The study shows the interesting possibility to use analysis of biomarkers in blood as a way for deeper understanding of the biological aspect of pain, this elusive “bio-psycho-social” construct, combined with “imaging biomarkers” using fMRI.
I think it is realistic to say that in the parts of the medical community, pain patients and pain treatment often are considered as “low status” work, and difficult to handle. One reason behind this view may be the fact that the golden standard of pain assessment is based upon the patient’s self-report only, and that objective, measurable findings usually are absent. Of course, we must trust the patient’s report, but I often wish that we had better tools to understand the nature of pain and its pathophysiology.
“We need a CRP for pain”, a colleague pain clinician once said, “some lab test that would show that there is something measurable going on in the pain patient. This would improve the respect for the pain patients from the caregivers, and give the field of pain medicine a better status” (personal communication, Jens Draiby, 2014).

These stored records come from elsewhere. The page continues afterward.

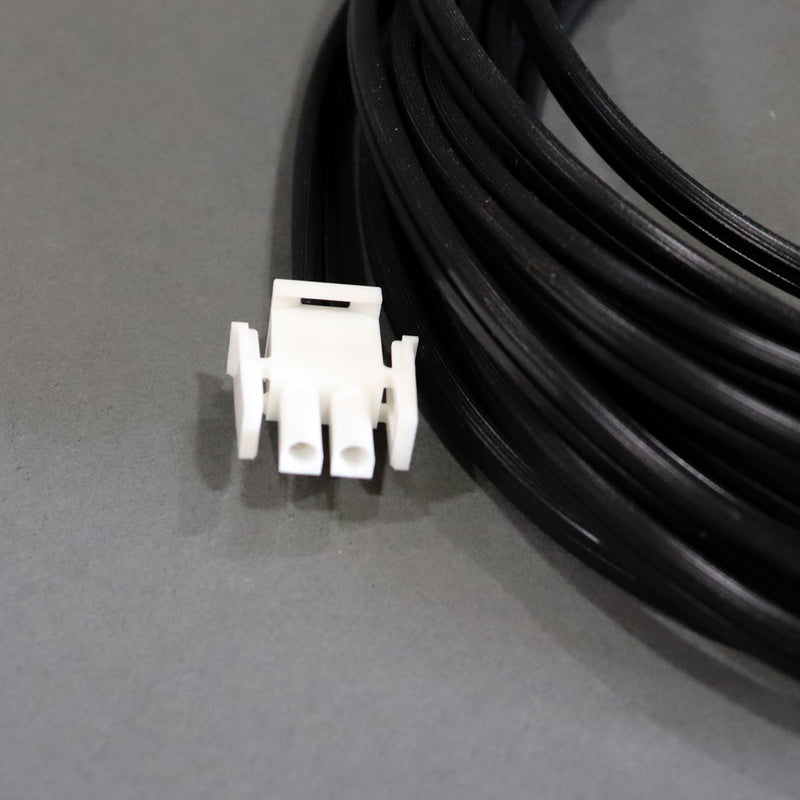 A black auto extension battery harness showing the battery connection 
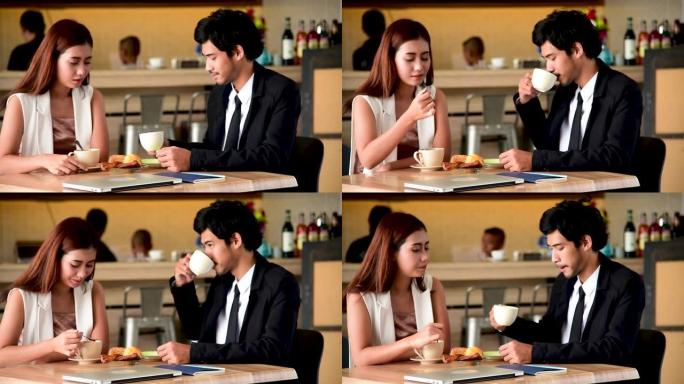 年轻夫妇在咖啡馆咖啡店聊天快乐约会情侣交流积极的关系，同时在咖啡馆喝咖啡放松，健谈。情人节概念。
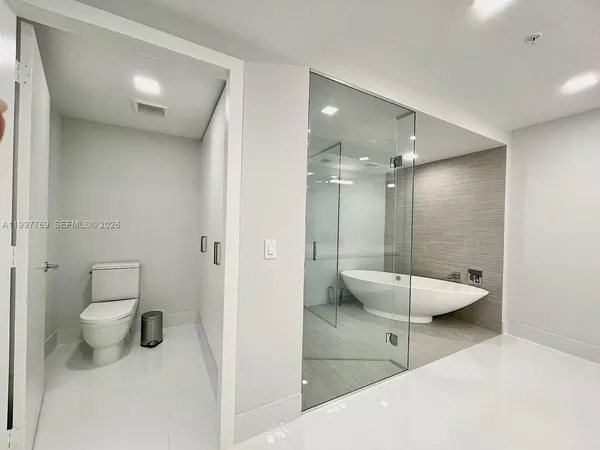 a bathroom with a toilet a sink and shower
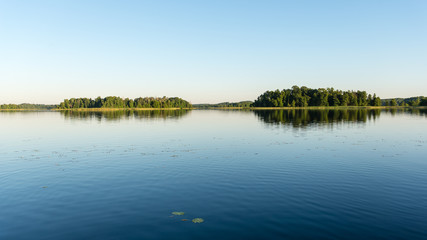 Fototapeta na wymiar symmetric reflections on calm lake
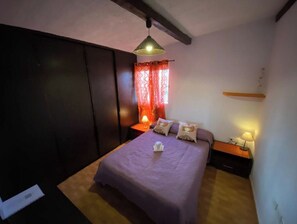 Relax in this inviting space with a large bed and comfortable seating area.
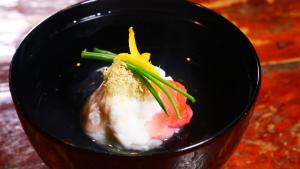 uma tigela preta de alimentos com carne e legumes em ほたるの長屋 em Yamaga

It is not realistic to believe that we can measure the actual pain experience through biomarker studies, since pain by definition is a subjective experience that cannot be measured that way. But, perhaps biomarker studies in body fluids (e.g. blood, CSF, saliva, or micro dialysate from painful tissue) can help us to better understand what actually is going on in the pain patients from a pathophysiological point of view? Could some aspects of these complex processes involved be objectively measured using biomarkers? Virtually all other medical specialties have a foundation in analysis of biomarkers for diagnosis of diseases, and as a guide for treatment choice, and treatment effects. Still, biomarker research in pain patients is, by large, “terra incognita”, but we would certainly need more of this in our work to help pain patients better.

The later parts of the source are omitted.